To collect or not to collect: that is often not the right question

I saw this tweet a while back, and whilst it’s in the context of data collection in libraries, it speaks to something I hear in edtech conversations more generally and was reminded of again this weekend e.g. how we shouldn’t be collecting all this data about our students. The statement above about not collecting user data is of course absolutely true; but also something I find frustrating and perhaps a little dangerous even. I fear that framing concerns in black and white terms risks that such concerns are too easily dismissed as a lack of understanding about technology more generally. I’ll try to explain my no doubt woolly thinking…

At their most basic level our learning technology systems are some code and some persistent storage, probably an RDBMS. Even if there’s no explicit stats tracking built in (and system audit trails have been a support feature for a very long time so there probably are) there’s *always* data, and even a relatively small of data can have quite a bit squeezed out of it.

As an example, consider a discussion forum. You have a class cohort with access to it, some have posted, some have not. Some have replied to others posts. You are then holding at the most basic level (a) post content (b) relationships between posts (c) author identifiers (d) post dates.

Immediately that’s enough data there to do some rudimentary social network analysis to graph the activity on the forum and relationships between post authors.

You’ve also got the post content, so you can do some topic modelling analysis to identify roughly what’s being discussed.

You can also start to create derived data variables – who *isn’t* there from the larger class cohort (even if your VLE isn’t tracking who is visiting but not posting – which most do in the system audit log btw).

You’ve also got date information, so you can graph how conversations unfold over time, perhaps creating more derived data by considering how close posts are created to key dates on the course, or perhaps even just day of the week – are students posting regularly or in bursts? You could create new a data point for student engagement based on rough thresholds of activity.

You can start to combine some of this too – for example weaving conversational topics into your social network analysis to see which students are clustering around which topics of conversation. You could start to create even more derived data by thinking about network centrality as another rudimentary measure of engagement.

What might you do with this data? You might reach out to the students who haven’t posted at all, or to the lurkers, or to the highly engaged. You might use it to inform how you teach the next iteration of this course. You, or a vendor, might use it to inform development of the software. Who decides on these uses though?

The question then about whether to collect data or not, is in practical terms a fundamental question about whether to use technology or not.

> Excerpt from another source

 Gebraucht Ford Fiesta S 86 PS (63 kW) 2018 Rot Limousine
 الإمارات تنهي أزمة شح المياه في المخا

Once you start using whatever system or software, the critical questions very quickly need to move on to what data exists, who sees it, what’s done with it, and how long it persists. We often talk about tracking students in edtech systems like it’s an additional layer of data collection, when in very many cases (though not all) what we’re dealing with is secondary uses for data that already exists as fundamental parts of the systems we use. Using polemical arguments about data collection or not then carries a very real risk of being dismissed as simplistic and naive, and with it go the more vital and nuanced questions about uses of data.